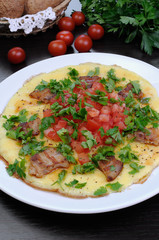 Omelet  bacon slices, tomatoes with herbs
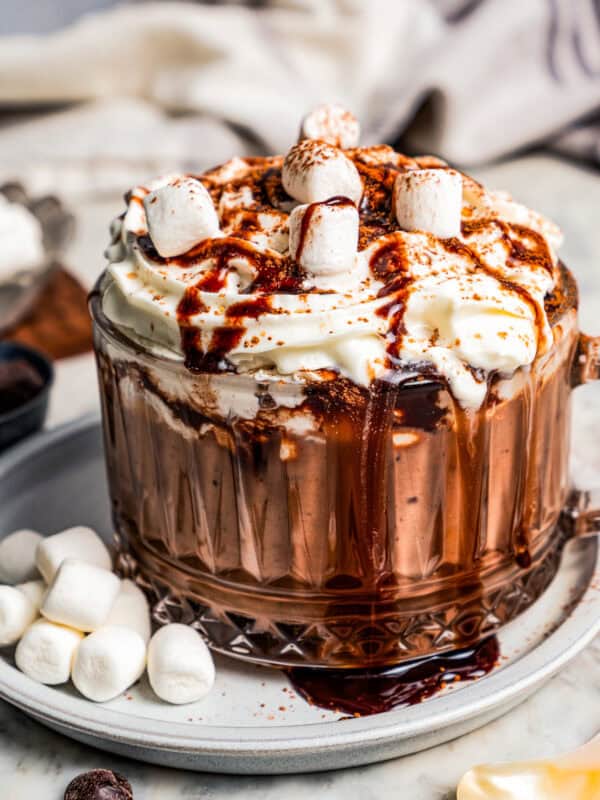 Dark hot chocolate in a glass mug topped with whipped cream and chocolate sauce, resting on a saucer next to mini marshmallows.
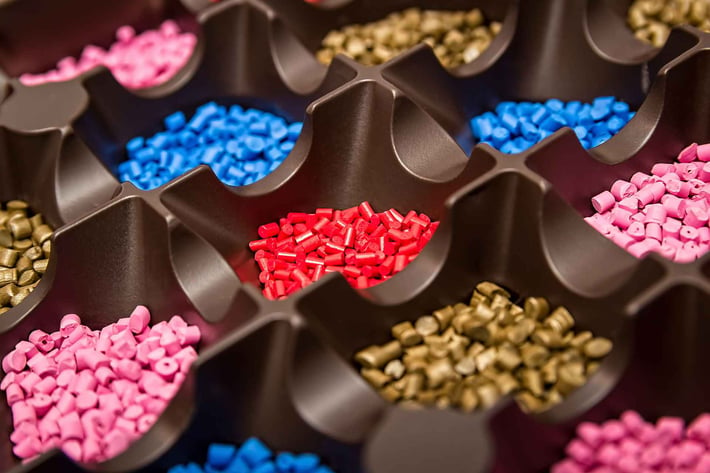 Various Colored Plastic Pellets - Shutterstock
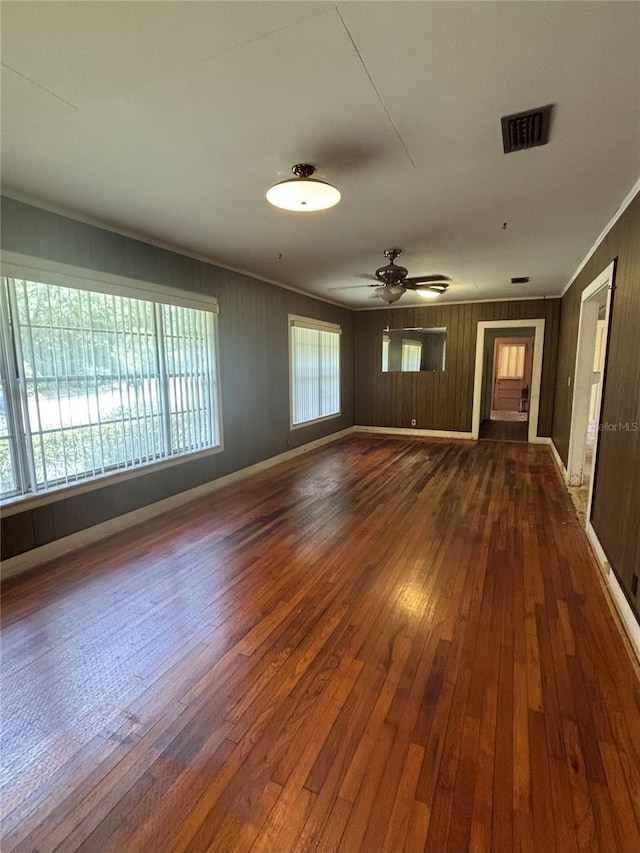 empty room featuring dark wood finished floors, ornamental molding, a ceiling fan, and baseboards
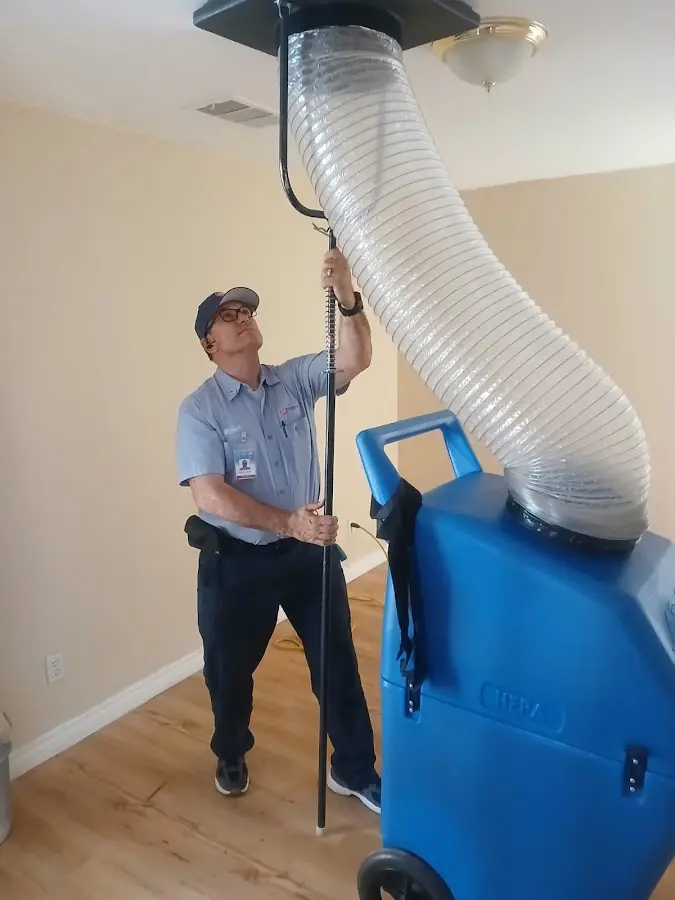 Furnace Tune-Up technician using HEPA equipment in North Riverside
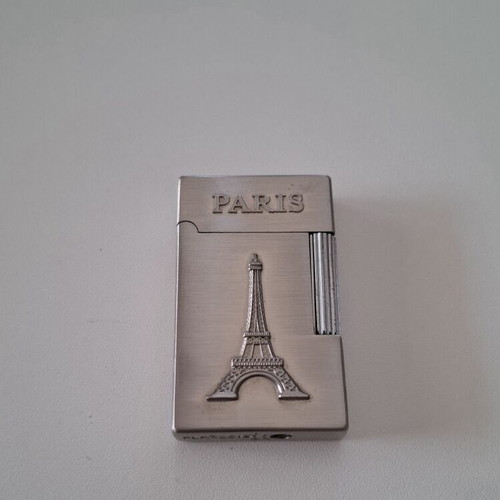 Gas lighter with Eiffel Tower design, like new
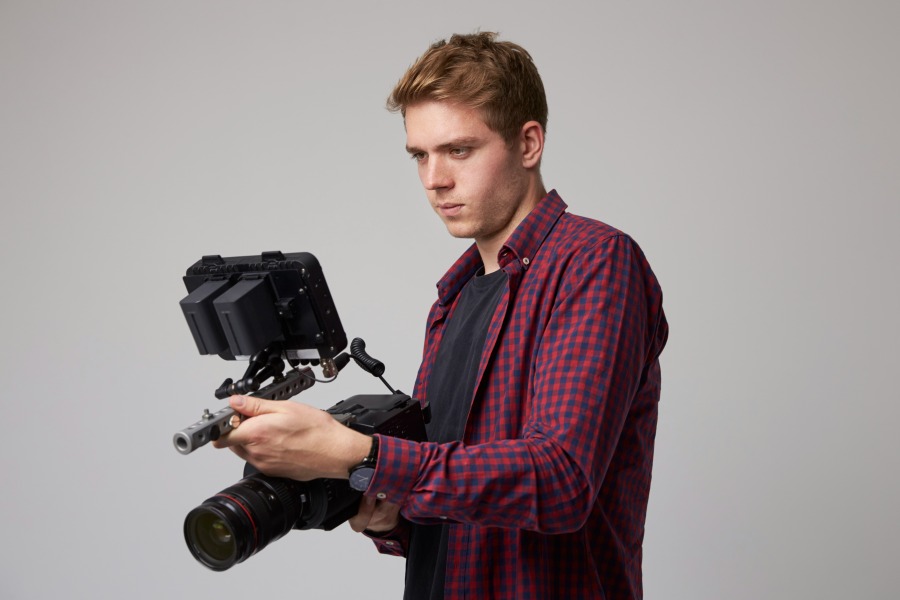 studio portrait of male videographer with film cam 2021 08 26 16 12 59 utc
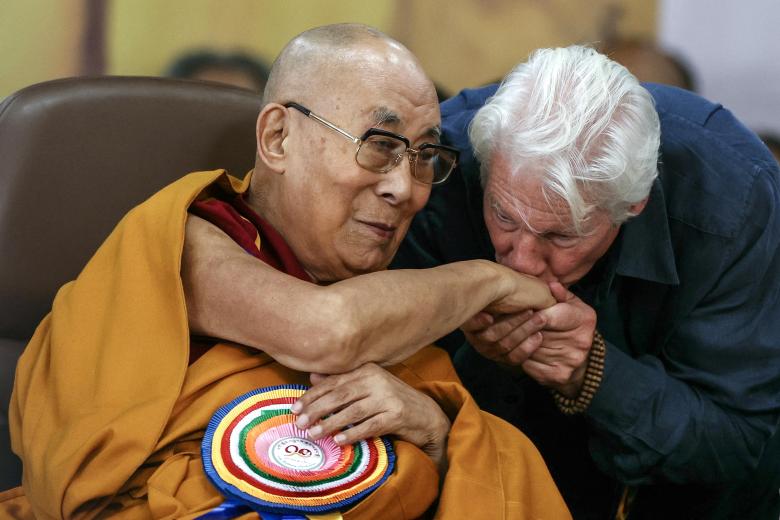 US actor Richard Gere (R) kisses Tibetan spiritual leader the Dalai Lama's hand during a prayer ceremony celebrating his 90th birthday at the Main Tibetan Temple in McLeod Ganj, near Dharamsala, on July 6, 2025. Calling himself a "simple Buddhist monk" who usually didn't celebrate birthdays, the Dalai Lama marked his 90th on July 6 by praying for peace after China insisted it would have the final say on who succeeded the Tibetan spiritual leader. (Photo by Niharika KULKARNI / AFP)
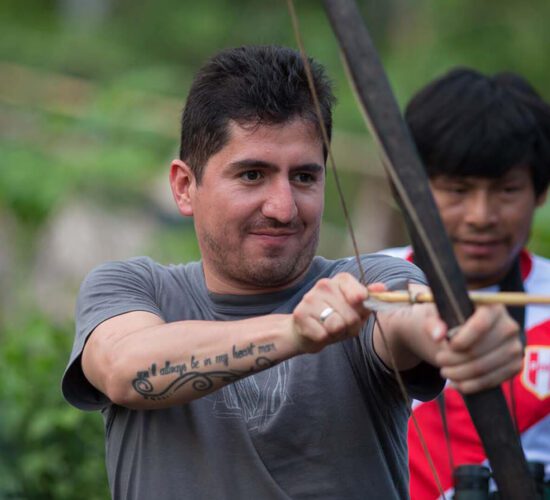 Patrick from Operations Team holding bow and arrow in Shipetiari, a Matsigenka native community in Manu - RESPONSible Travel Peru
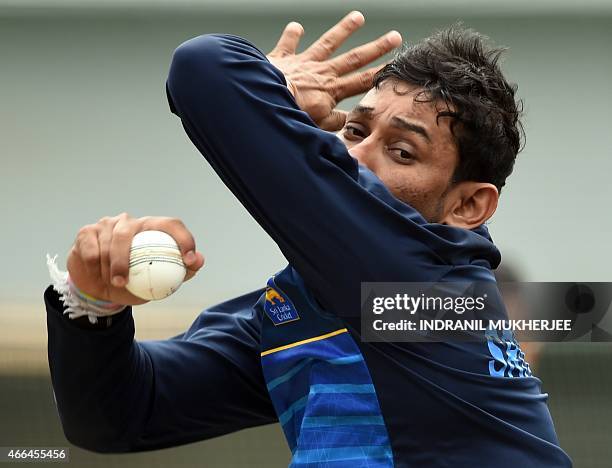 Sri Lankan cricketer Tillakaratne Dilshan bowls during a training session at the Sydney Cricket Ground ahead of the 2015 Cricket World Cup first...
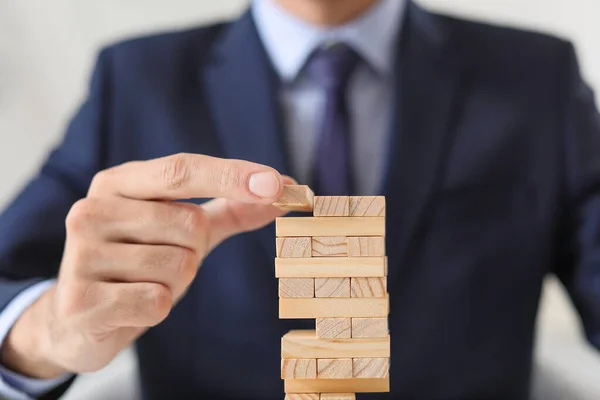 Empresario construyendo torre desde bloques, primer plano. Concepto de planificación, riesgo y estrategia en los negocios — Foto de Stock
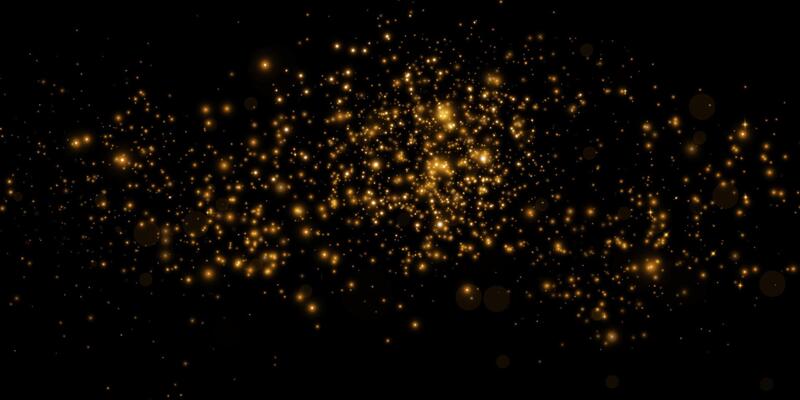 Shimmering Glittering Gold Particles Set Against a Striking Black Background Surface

## Exercise description
Each line from the top of the material through the line containing "studio portrait of" should be reproduced exactly; please drop any images.

## Answer to the exercise
 Omelet  bacon slices, tomatoes with herbs
 Dark hot chocolate in a glass mug topped with whipped cream and chocolate sauce, resting on a saucer next to mini marshmallows.
 Various Colored Plastic Pellets - Shutterstock
 empty room featuring dark wood finished floors, ornamental molding, a ceiling fan, and baseboards
 Furnace Tune-Up technician using HEPA equipment in North Riverside
 Gas lighter with Eiffel Tower design, like new
 studio portrait of male videographer with film cam 2021 08 26 16 12 59 utc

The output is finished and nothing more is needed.